Pay for web workers: How much should location matter?

Business is all about the bottom line — ironing out inefficiencies, increasing productivity, finding ways to get or make things cheaply that you can sell high — and web work offers new ways to bolster that bottom line.

By allowing managers to source talent from just about anywhere, technology makes it easy to take advantage of disparities in pay and cost of living to get the same services for cheaper. Just look at the trend of rural-sourcing, where companies are looking for skilled workers in unusual, less settled locales. It’s a boost to struggling rural communities and allows firms to save a few bucks too. What could be bad?

But not everyone sees paying according to the prevailing local wages as without its moral complexities, especially when companies begin to look overseas for additional help. Blog Freelance Switch recently ran a post on the issue, with writer Thursday Bram (who also writes for WWD) musing on her compunctions about paying significantly less for the same services from providers based overseas:

More than a few freelancers have a sore spot about how hard it can be to get paid what we’re worth by clients who see freelancers as a way to get cheap labor. When you turn that around, it’s easy to draw comparisons between what a freelancer might hate when a client does it to her and what she’s willing to do to a sub-contractor based overseas. It’s going to be a personal decision, no matter what. Your priorities decide whether or not you’re willing to pay a sub-contractor more.

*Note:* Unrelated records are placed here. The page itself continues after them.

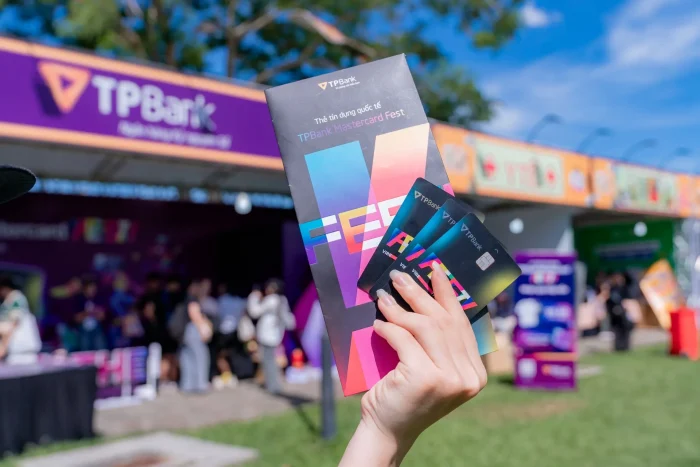 TPBank Mastercard FEST chinh phục Gen Z với ưu đãi giải trí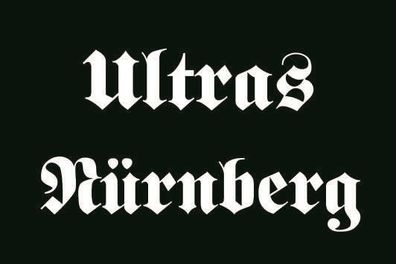 Fahne Flagge Ultras Nürnberg Premiumqualität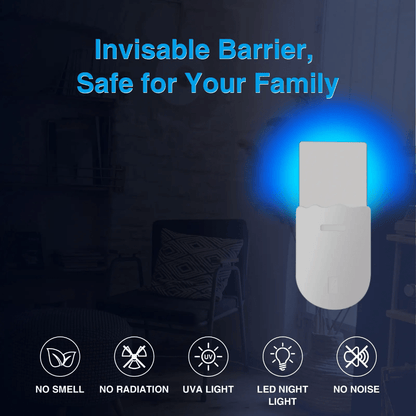 Invisible Barrier, safe for your family 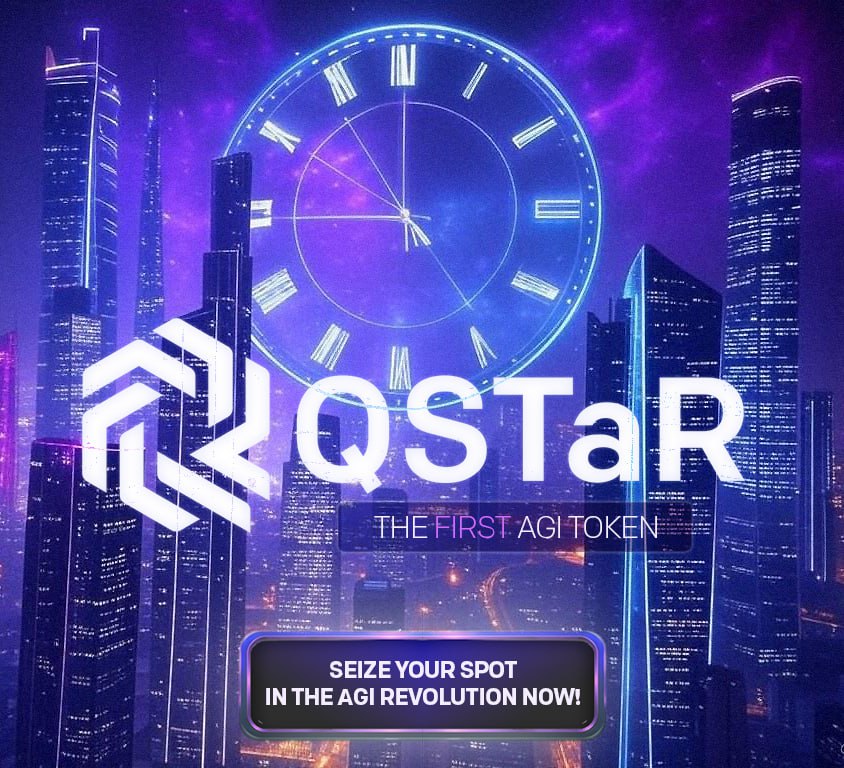 AGI is near, every breakthrough moves us closer to practical, human level general intelligence. AI that can learn, reason &amp; solve any problem. QSTaR pushes the frontier, expanding utility one milestone at a time

QSTaR is the first AGI token, Join us!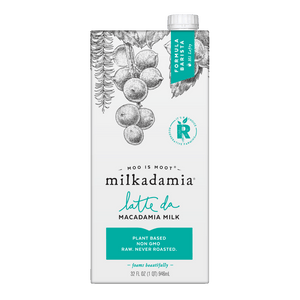 Milkadamia Latte Da Barista Milk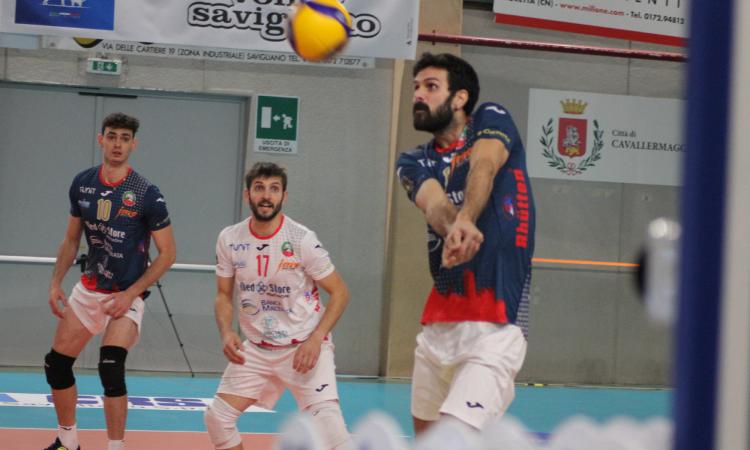 La Med Store Tunit Macerata sbanca Savigliano: arrivano tre punti pesanti La Med Store Tunit Macerata sbanca Savigliano: arrivano tre punti pesanti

For me, the personal decision comes down to what the person I’m working with is actually worth. I know plenty of people who live in places like Thailand and charge rates on par with what folks living in the U.K. might (with no problem getting those rates). If someone comes to me and tells me that’s what they’re worth, I have no problem paying it.

But if the person I’m working with needs training, requires extra explanation or simplified English and generally can’t finish a project without hand holding, I’m going to pay a lot less… I have worked with a virtual assistant based in the Philippines and paid him about $270 a month for his work. I don’t have a problem with doing so — he was doing fairly basic work and didn’t have a skill set that I’d be willing to pay more for.

Bram identifies the key factors in deciding how much to pay someone, including their skill level and your level of comfort with the arrangement. Perhaps added to that should be the cost of living where the web worker is based. After all, $270 probably goes much further in Manila than in Mountain View, just like a salary that barely covers the basics in New York might comfortably provide for a family of four in a more rural area.

How do you weigh location, skills and personal compunction when deciding what to pay web workers in various locales?   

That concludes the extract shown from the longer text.